Fig. 2 is a general flowchart of a method for detecting medical insurance fraud based on outlier analysis according to an exemplary embodiment of the inventive concept.
As shown in fig. 2, the medical insurance fraud detection method based on outlier analysis according to an exemplary embodiment of the inventive concept includes:
step S1, obtaining the actual medical record in the medical insurance in a certain area;
in a specific implementation, a medical record of actual medical insurance in a certain area is obtained, and a lot of available patient-related information, such as patient basic information, medicine information, disease information and the like, is extracted from the medical record for medical fraud detection.
Step S2, preprocessing the data set by using data cleaning and pharmacopoeia;
most of the data sets cannot be directly used in the medical field due to a series of problems of data missing, data inconsistency and the like of the data sets, such as missing of basic information of patients, dosage of medicines and the like. In the medical field, for example, the specific situation of each medicine is difficult to analyze because the medicine is too many in types and the data volume of each medicine is too small;
preferably, the invention utilizes the Chinese pharmacopoeia (2015 edition) to solve the problem of medicine information processing. By inquiring Chinese pharmacopoeia (2015 edition), medicines with fine particle sizes can be further extracted and classified into medicines with coarse particle sizes according to the recorded medicine types;
the invention utilizes the data cleaning technology to carry out encryption processing on the sensitive data, deletes the data with higher loss rate, ensures the integrity and confidentiality of the information and well processes the data with high loss rate.
Step S3, extracting information of patients, diseases and medicines to construct a heterogeneous network;
extracting basic information, medicine information and disease information of the patient from the acquired medical records, establishing a heterogeneous information network according to mutual relation, enabling the information to appear in the heterogeneous network in a vertex mode, and describing the connection between the information and the heterogeneous information network as information that the patient takes a certain medicine, the medicine can treat a certain disease and the like.
The patient takes a certain medicine each time because of a certain disease, and in the process, the information among the patient, the medicine and the disease is mutually linked to form a huge network which can be regarded as a heterogeneous network formed by taking the three as vertexes.
Step S4, calculating similarity scores of different patients by using the similarity;
calculating a similarity of each patient with other patients through a constructed heterogeneous network, further adjusting the calculated scores for the abnormal condition that the same medicine can treat a plurality of diseases from the disease perspective, calculating the scores of all patients in the candidate group of patients and the reference group, and taking the average value as a final score reflecting the similarity of the candidate group of patients and the normal patients.
Step S5, performing outlier analysis by combining a threshold value and a confidence interval to distinguish normal and fraud patients, and finally determining suspected fraud patients;
after calculating the similarity score of the patient, the invention designs an evaluation algorithm to detect outliers.
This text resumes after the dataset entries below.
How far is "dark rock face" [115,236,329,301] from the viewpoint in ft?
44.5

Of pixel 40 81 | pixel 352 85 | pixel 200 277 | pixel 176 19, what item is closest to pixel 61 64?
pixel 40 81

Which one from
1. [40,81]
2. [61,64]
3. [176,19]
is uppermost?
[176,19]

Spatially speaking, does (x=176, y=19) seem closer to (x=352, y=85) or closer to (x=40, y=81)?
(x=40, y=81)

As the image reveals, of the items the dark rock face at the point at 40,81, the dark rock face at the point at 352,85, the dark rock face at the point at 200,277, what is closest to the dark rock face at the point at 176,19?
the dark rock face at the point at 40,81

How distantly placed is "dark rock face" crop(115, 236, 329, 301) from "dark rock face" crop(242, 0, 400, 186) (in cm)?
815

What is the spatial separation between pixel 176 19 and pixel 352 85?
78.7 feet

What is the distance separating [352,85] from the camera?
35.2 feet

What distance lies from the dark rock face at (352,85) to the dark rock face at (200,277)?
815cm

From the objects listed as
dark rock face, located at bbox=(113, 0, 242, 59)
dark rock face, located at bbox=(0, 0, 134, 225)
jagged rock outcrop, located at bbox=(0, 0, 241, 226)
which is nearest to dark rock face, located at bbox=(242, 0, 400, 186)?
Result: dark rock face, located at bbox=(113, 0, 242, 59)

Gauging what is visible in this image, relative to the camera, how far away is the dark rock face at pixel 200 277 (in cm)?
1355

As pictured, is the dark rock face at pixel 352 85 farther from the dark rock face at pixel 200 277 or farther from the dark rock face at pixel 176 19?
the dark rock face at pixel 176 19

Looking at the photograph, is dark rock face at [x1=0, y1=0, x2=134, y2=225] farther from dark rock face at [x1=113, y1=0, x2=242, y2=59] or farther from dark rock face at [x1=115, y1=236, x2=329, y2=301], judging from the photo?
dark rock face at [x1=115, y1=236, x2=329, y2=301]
And combining the threshold value with the confidence interval, and finding that the distribution of the similarity score is similar to the normal distribution through statistics. The invention contemplates taking the confidence interval of a normal distribution, i.e., the mean minus the standard deviation and the mean plus the standard deviation. The threshold is flexibly calculated to determine outliers to find fraudulent patients.
The steps of the medical insurance fraud detection method based on outlier analysis according to an exemplary embodiment of the inventive concept are specifically set forth below, as shown in fig. 3 to 7:
step S101, acquiring a large amount of medical care related data of a medical insurance institution in a certain area, reserving useful data and removing useless data;
step S102, extracting data such as patient basic information record, medication record, treatment record and the like.
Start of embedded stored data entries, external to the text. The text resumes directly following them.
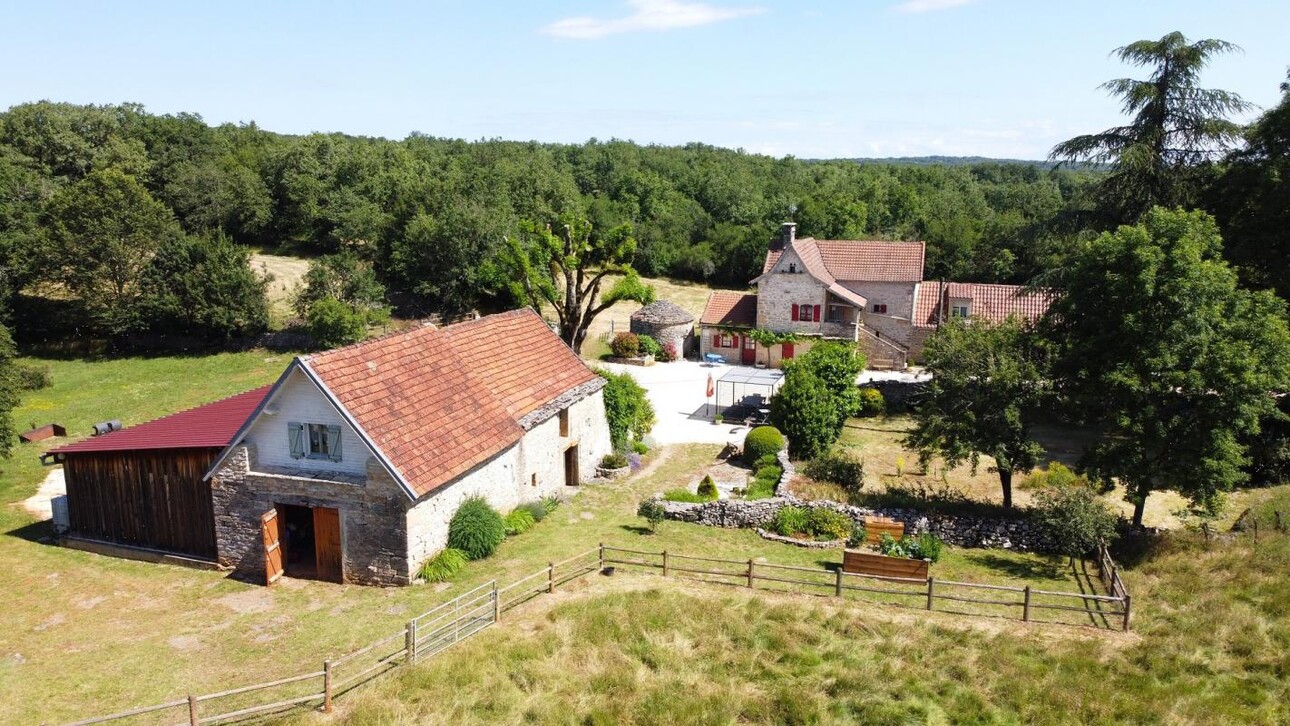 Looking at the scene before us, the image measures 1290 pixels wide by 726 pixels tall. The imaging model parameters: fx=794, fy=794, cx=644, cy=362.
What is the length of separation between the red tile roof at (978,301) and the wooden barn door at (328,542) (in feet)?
130

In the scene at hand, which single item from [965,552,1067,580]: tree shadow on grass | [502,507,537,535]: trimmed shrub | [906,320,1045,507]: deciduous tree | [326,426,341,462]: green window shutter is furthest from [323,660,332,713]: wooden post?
[906,320,1045,507]: deciduous tree

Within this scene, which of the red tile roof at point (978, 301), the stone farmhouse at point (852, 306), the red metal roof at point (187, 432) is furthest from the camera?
the stone farmhouse at point (852, 306)

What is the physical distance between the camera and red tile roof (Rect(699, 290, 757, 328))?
51469mm

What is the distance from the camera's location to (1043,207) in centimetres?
8325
Step S201, extracting hospitalizing data of a patient to be subjected to fraud detection;
step S202, processing patient sensitive data and data with high data loss rate by using a data cleaning technology (ensuring that not less than three medical records of each patient are ensured);
step S203, the medicine information is processed by category by inquiring Chinese pharmacopoeia (2015 edition), and a plurality of similar medicines are unified into the same category according to the corresponding relationship between the medicines and the categories.
Step S301, analyzing the preprocessed patient data set, mainly analyzing basic information of the patient, diseased information of the patient and medication condition of the patient;
step S302, extracting basic information, medicine information and disease information of the patient in the data set, and constructing a heterogeneous information network of the patient.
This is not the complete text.